Number One Sam by Greg Pizzoli
Gender Diversity: Male protagonist; non-speaking female best friend is shown as the winner of a race
Ethnic Diversity: Not applicable
Challenging Language: disappointed, approached
Themes to Discuss: winning and losing, altruism, animal road crossing (seriously, you’ll get questions next time they spot roadkill)
This 2014 early readers book was an EV choice from the shelf, and we enjoyed it. It’s a simply written story about a dog who loves to be #1 and what happens when he loses, both intentionally and unintentionally.
This book has a great message of not always needing to be the best, being happy for others’ successes, and how helping is more important than winning. Every time I’ve been through it I marvel at how quickly it pivots from a book that’s playing with language (“number one at being number one”) to a book with a resonant message. I’ve got a lot of good will for it, and would definitely recommend it to parents of competitive kids.
That all said, the writing is plain and doesn’t invite a lot of fun inflection for a parent as a reader. It’s a quick read and a fine library loan, but it’s probably best for early readers who can sound some things out and are more receptive to the positive message. That’s reinforced by Sam as a narrator who is mostly self-focused – no other characters get a line.
Olivia Forms a Band by Ian Falconer
Gender Diversity: Female protagonist and mother; inattentive/non-speaking father and siblings
Ethnic Diversity: Not applicable
Challenging Language: none
Themes to Discuss: bad behavior, selfishness vs. sharing, wearing makeup, lack of attention / capriciousness, potty shaming
I don’t believe in reading toddlers books that model bratty behavior without emphasizing choices and consequences, nor in incoherent books that exist just for silly punchlines. Olivia plainly fails both my litmus tests.
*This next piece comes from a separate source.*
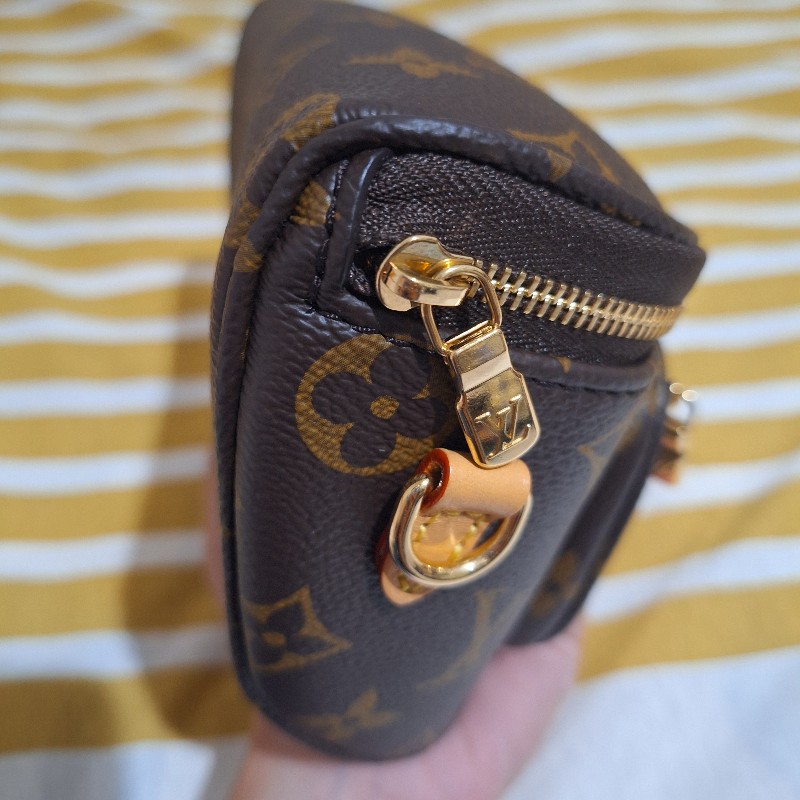 LV mini bumbag 老花迷你小腰包-10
This spunky little pig would like to form her own band to accompany a fireworks show. Unfortunately, Olivia’s schtick is behaving terribly save for brief breaks where her shrill mother (or the art itself) chastises her for her most inoffensive behavior, like being choosy about her socks or needing to go to the bathroom. The exchange where Olivia puts on make-up is the oddest one. Yes, Olivia is likely too young for her beautiful red lipstick, but mother’s anger doesn’t seem to fit the misbehavior. (And, isn’t that “glop” her lipstick?)
EV really liked this book since it involved a little girl playing instruments, but I was annoyed by something on almost every page. Past that, there’s just no point to this story – Olivia makes herself into an awesome one-piglet-band by brusquely stealing things from other family members and then abruptly discards her plans for no reason, leaving all of their possessions discarded on the floor. Yes, we get “And they were beautiful,” about the fireworks, but that’s hardly a payoff of why it was a good idea to leave the instruments at home. Basically, the entire plot is forgotten until it becomes a punchline about Olivia not cleaning up her toys on the last page.
I’ve grown less surprised when the characters who’ve merited series of books and other merchandise tend to be the most annoying or problematic, and Olivia is no exception.
Also, the page of a smiling Olivia wearing lipstick collaged to include real human teeth is terrifying. And, finally, a fold-out page of simple sheet music is hardly warranting the extra production – and it was dull to play ( in this household we play all legible sheet music that’s incidentally pictured in our books).